At some point the tax increase strategy hits a political wall and plan two is invoked, cutting benefits. This is something people don’t like to talk about. Instead, they use language that can only be understood with the help of a secret decoder ring. They speak of price indexing, moving from a COLA to a diet COLA, longevity indexing, adding a bend point, decreasing the PIA, increasing the NRA, and raising the retirement earnings test exempt amounts. It’s all code for cutting benefits.

Once the benefit-cut strategy hits its political wall the real fun starts: “notional accounts.” These come in many forms, but a common variant is offering citizens the right to save and invest in a portfolio of government bonds. Although this may sound secure, keep in mind that the principal and interest when due on government bonds are financed by taxes.
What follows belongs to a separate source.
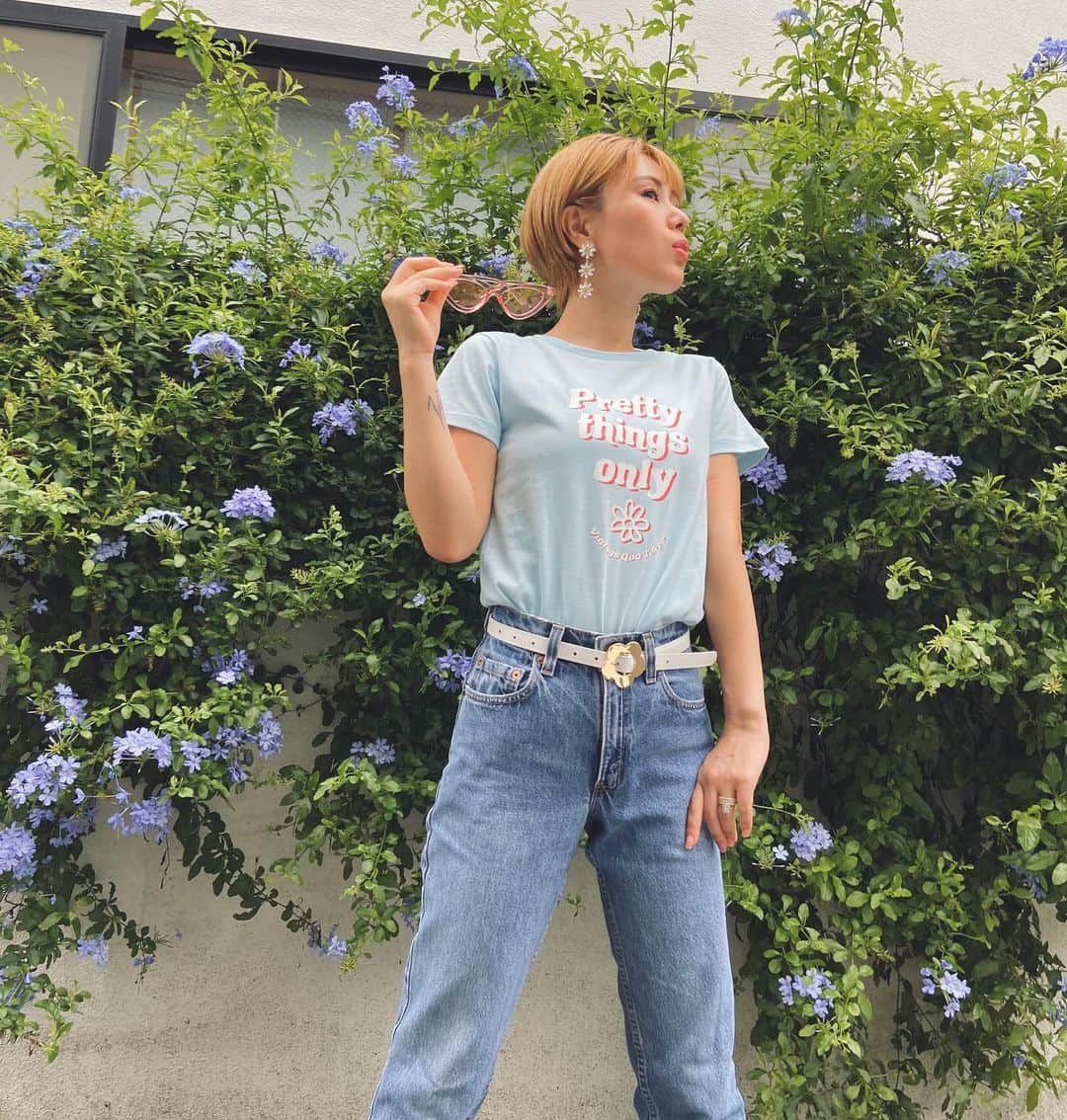 vintage Qooさんのインスタグラム写真 - (vintage QooInstagram)「Pretty things only✨ #vintageqoo #tshirt  —————————-—————— You can find it on our online store. Please send a dm us if you would like to more details😘」7月30日 18時37分 - vintageqoo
The notional account structure closely approximates a tax-based retirement system, but it’s gussied up to appear more attractive.
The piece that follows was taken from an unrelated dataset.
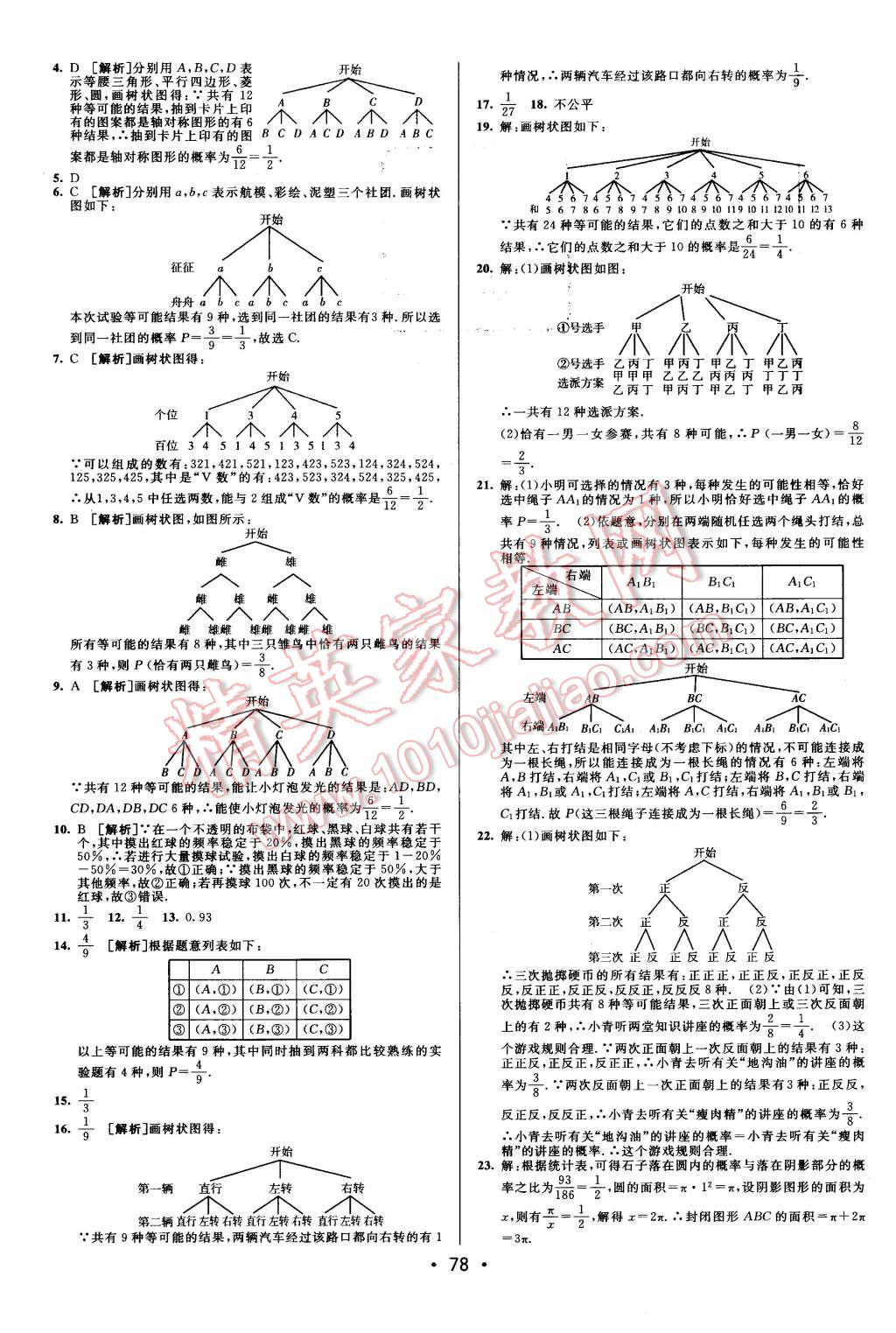 2015年期末考向標(biāo)海淀新編跟蹤突破測試卷九年級數(shù)學(xué)全一冊北師大版 第2頁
When I was in Moscow advising the Russian Federation on how to reform its Social Security system by investing in wealth-producing assets, one Duma member asked me what’s wrong with a notional account. Wanting to be certain that we were thinking of the same structure, I asked if she meant by this that citizens would have individual accounts that were invested in Russian government bonds. She responded yes. I asked her if she agreed that this was basically the same as each citizen owning a government bond outright? She said yes. To answer her “what’s wrong” question I offered the following.

Instead of individuals owning government bonds, why not deliver a government bond to each Russian worker — literally — to his house, farm, or apartment? And let us not be stingy; let’s make each bond worth $1 million. Now, every Russian worker is a millionaire. Except, that is, for one inconvenient fact. We have to pay principal and interest when due on each bond, so we’ll have to tax each worker $1 million. I asked her what we have accomplished? She smiled and responded, “nothing.” After concurring, I took the next step.

Let’s now go to every farm, house, and apartment, collect the bonds, and bring them back to Moscow and deposit them in a portfolio that is managed by a reputable asset manager — the notional account. What have we accomplished? This time, she hesitated. But she then again smiled and meekly asked, “Nothing?” I agreed. Then another member of the Duma said something most insightful: “Yes, but we would have fooled them for a while.” There was laughter. I responded, “You’re probably right. But when they figure it out, you had better get out of town.”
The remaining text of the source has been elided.